(Materials provided)
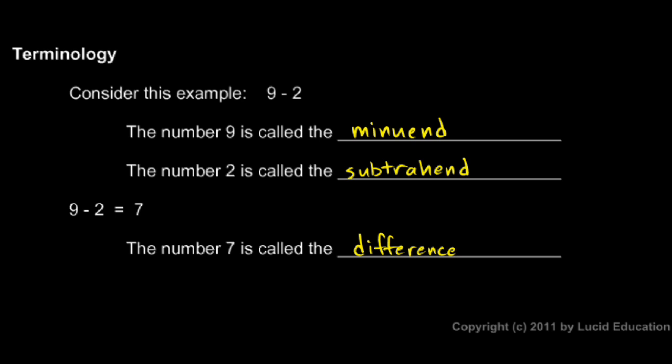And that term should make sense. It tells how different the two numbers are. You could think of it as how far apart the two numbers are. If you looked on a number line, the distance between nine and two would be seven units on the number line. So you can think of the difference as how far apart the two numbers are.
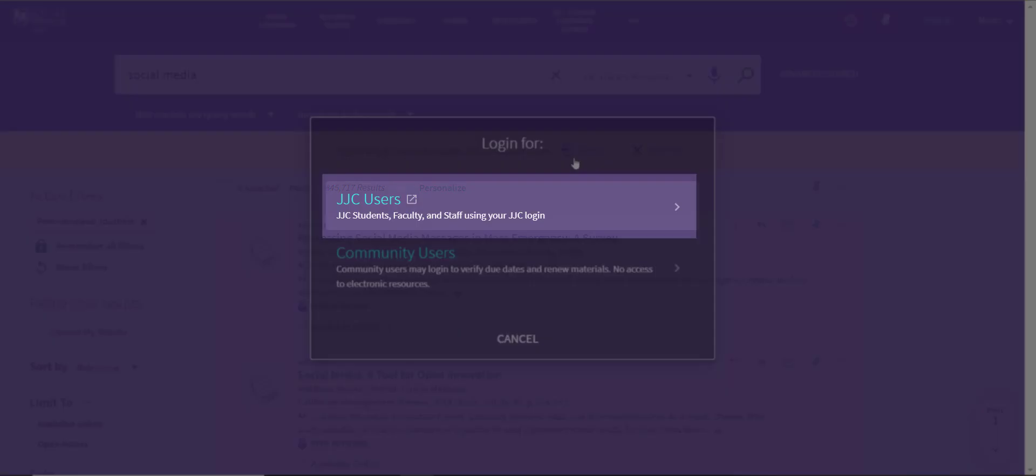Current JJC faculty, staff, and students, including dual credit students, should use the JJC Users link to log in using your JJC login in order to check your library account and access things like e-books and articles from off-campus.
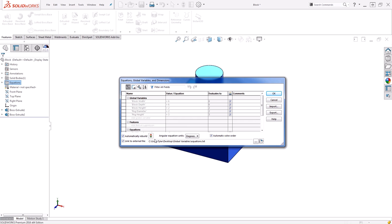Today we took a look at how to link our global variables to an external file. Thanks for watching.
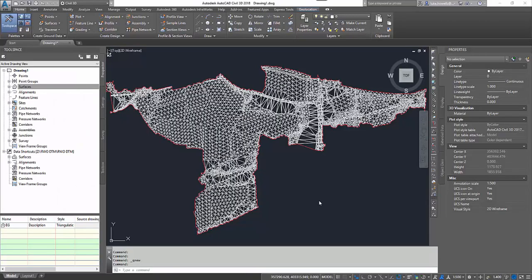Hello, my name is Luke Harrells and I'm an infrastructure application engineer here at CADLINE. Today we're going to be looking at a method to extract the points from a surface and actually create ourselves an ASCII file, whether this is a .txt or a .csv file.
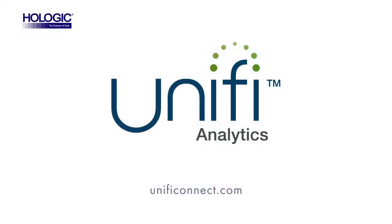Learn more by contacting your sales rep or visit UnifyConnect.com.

(Exercise goal)
The data is to be printed again exactly, but without its pictures.

(Output of the exercise)
And that term should make sense. It tells how different the two numbers are. You could think of it as how far apart the two numbers are. If you looked on a number line, the distance between nine and two would be seven units on the number line. So you can think of the difference as how far apart the two numbers are.
Current JJC faculty, staff, and students, including dual credit students, should use the JJC Users link to log in using your JJC login in order to check your library account and access things like e-books and articles from off-campus.
Today we took a look at how to link our global variables to an external file. Thanks for watching.
Hello, my name is Luke Harrells and I'm an infrastructure application engineer here at CADLINE. Today we're going to be looking at a method to extract the points from a surface and actually create ourselves an ASCII file, whether this is a .txt or a .csv file.
Learn more by contacting your sales rep or visit UnifyConnect.com.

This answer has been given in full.